Leave out every picture and set down, exactly, the lines below from the one holding "Geometric Pattern background." up to and including the one holding "TEAC TN-180BT-MIKU [初音ミク".

- - - -

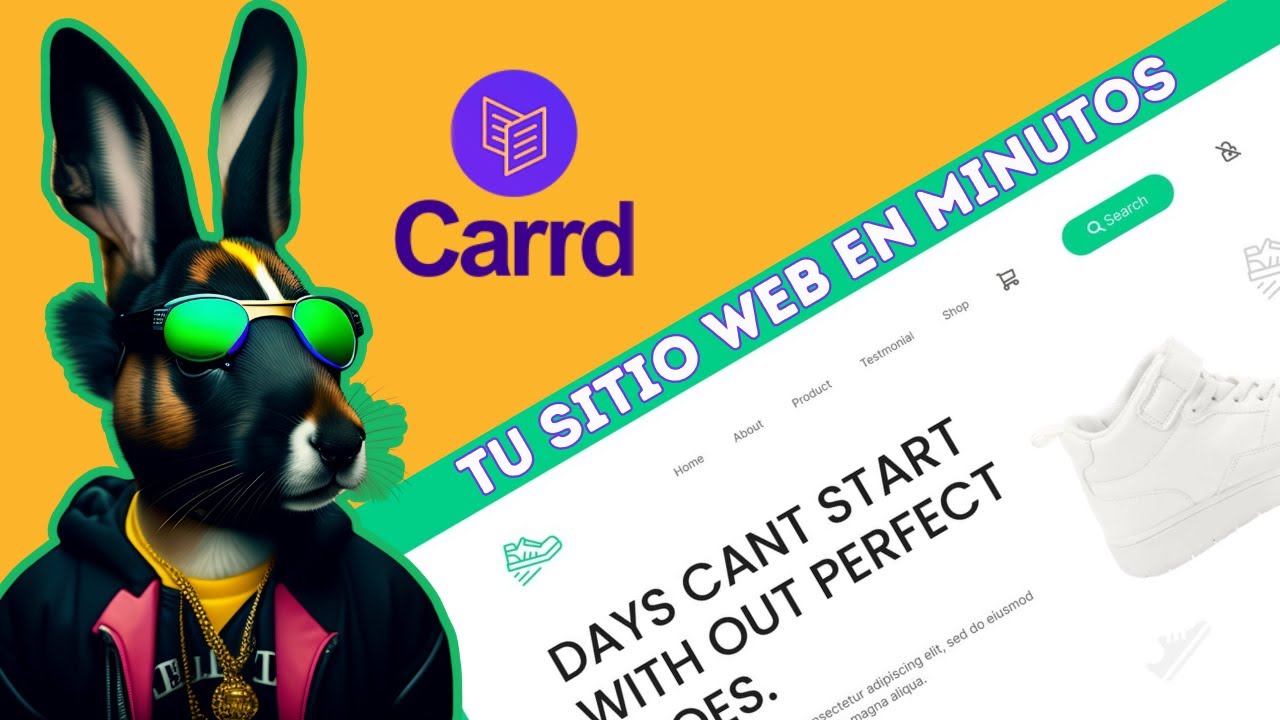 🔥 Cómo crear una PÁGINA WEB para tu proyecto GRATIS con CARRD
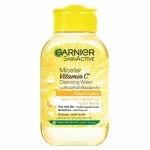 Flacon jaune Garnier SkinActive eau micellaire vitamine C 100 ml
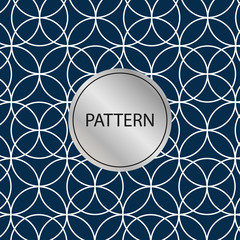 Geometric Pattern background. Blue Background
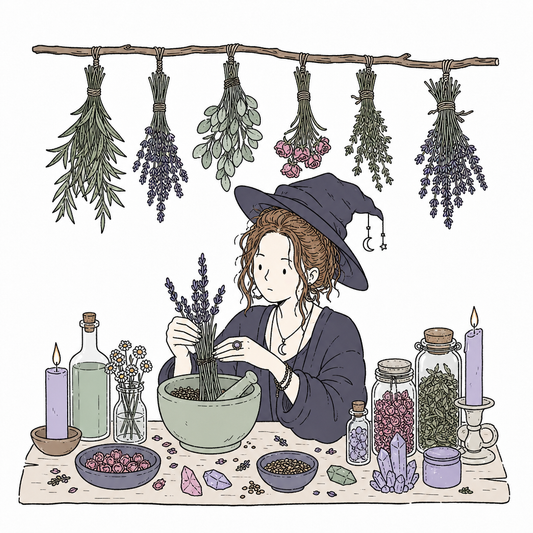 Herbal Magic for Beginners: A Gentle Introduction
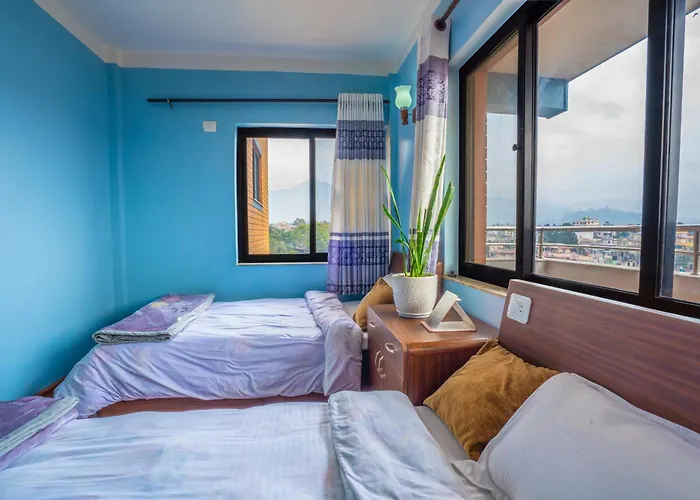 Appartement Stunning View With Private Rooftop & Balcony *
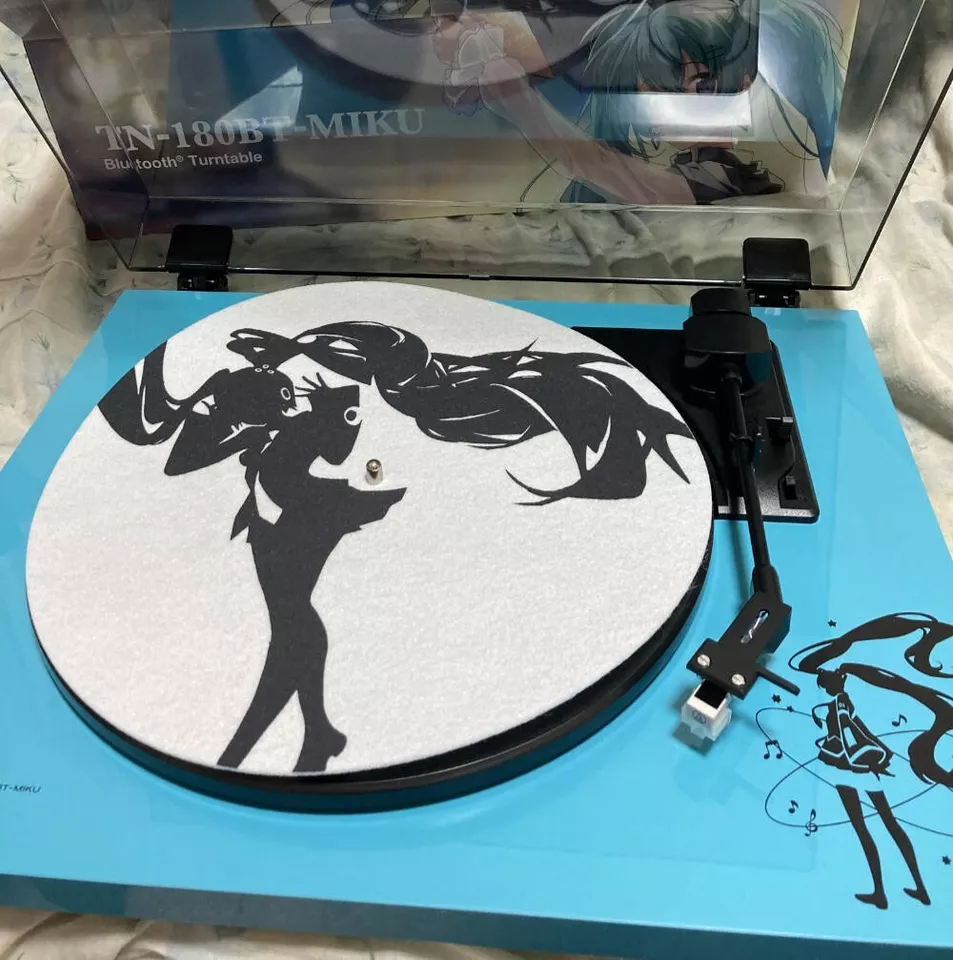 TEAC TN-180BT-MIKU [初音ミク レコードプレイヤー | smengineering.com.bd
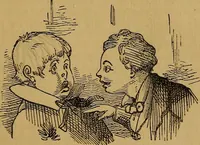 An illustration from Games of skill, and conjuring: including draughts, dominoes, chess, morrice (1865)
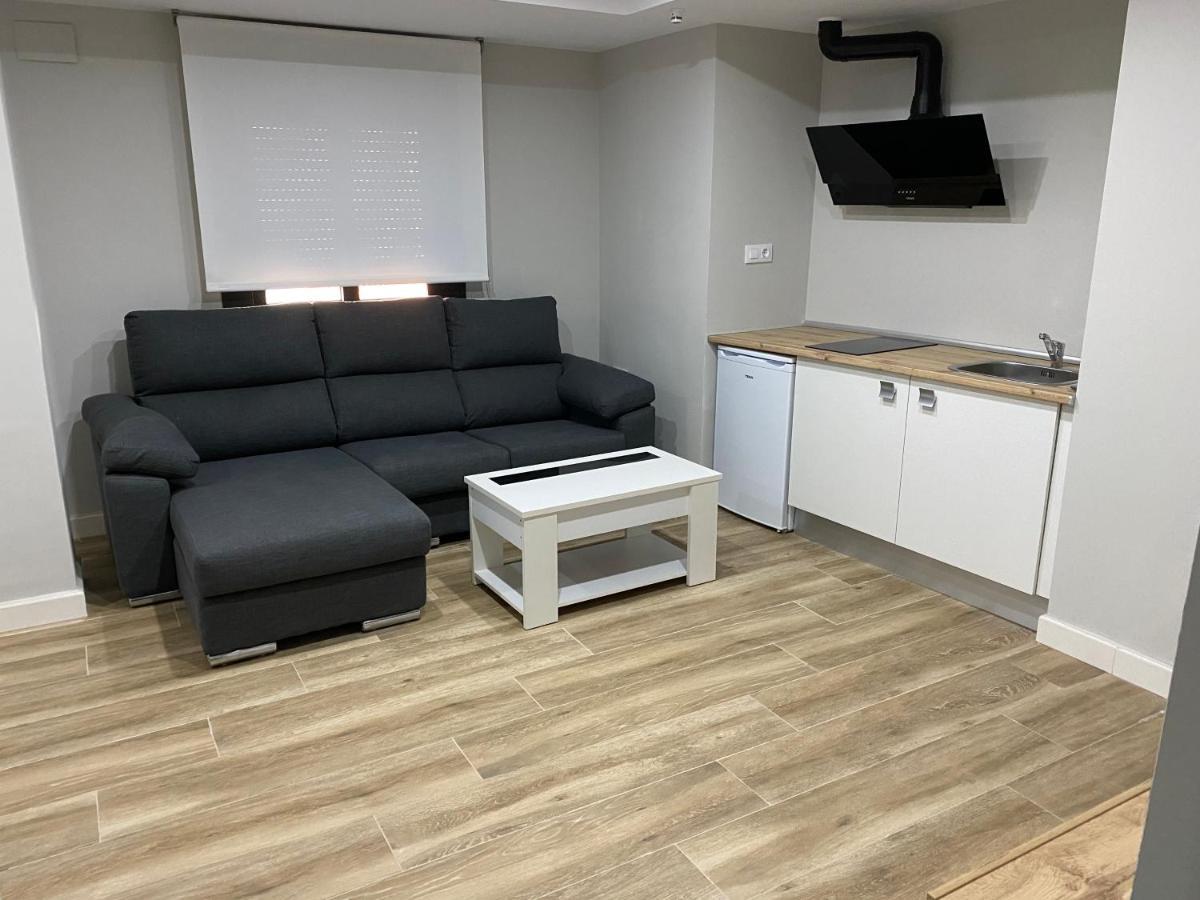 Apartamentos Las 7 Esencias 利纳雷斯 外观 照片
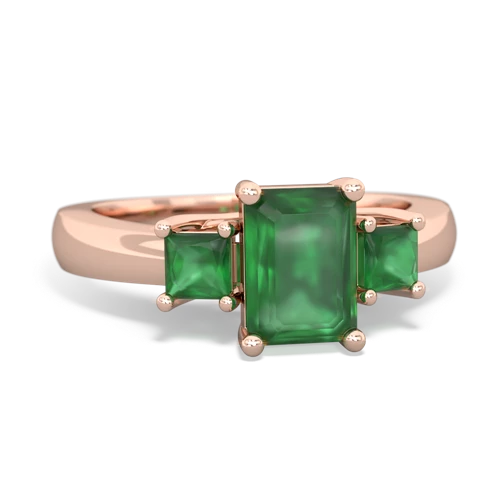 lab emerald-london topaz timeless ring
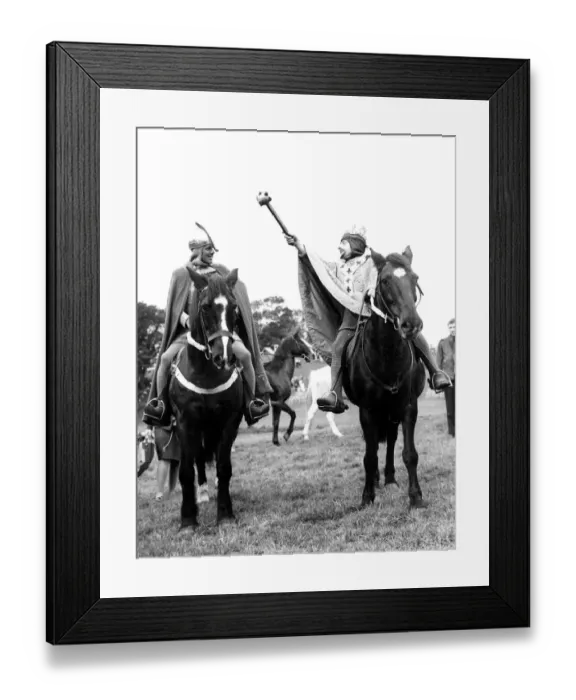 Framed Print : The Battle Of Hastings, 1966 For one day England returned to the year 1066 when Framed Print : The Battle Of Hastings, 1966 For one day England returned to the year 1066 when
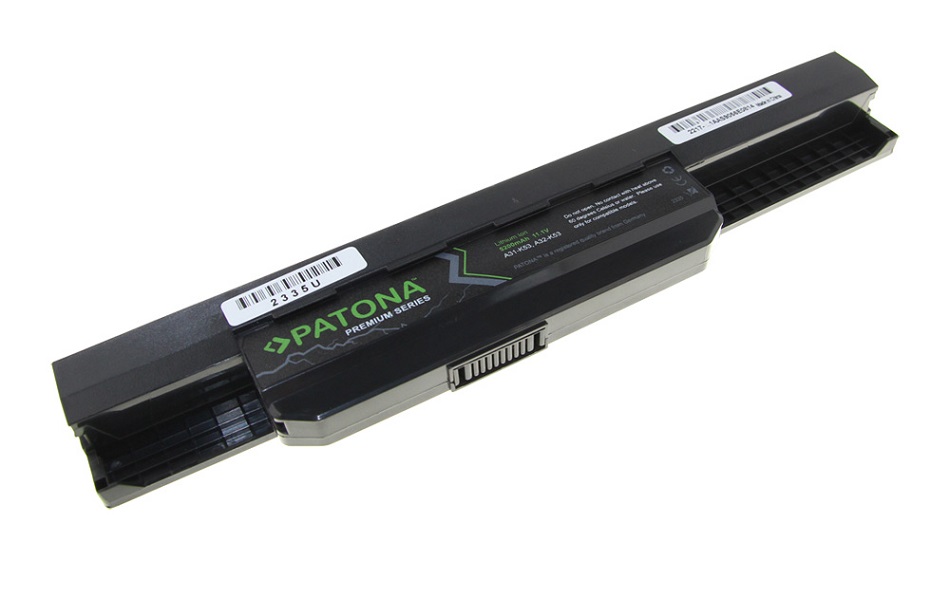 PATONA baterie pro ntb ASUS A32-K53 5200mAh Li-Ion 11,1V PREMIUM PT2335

- - - -

Output for this exercise.
 Geometric Pattern background. Blue Background
 Herbal Magic for Beginners: A Gentle Introduction
 Appartement Stunning View With Private Rooftop & Balcony *
 TEAC TN-180BT-MIKU [初音ミク レコードプレイヤー | smengineering.com.bd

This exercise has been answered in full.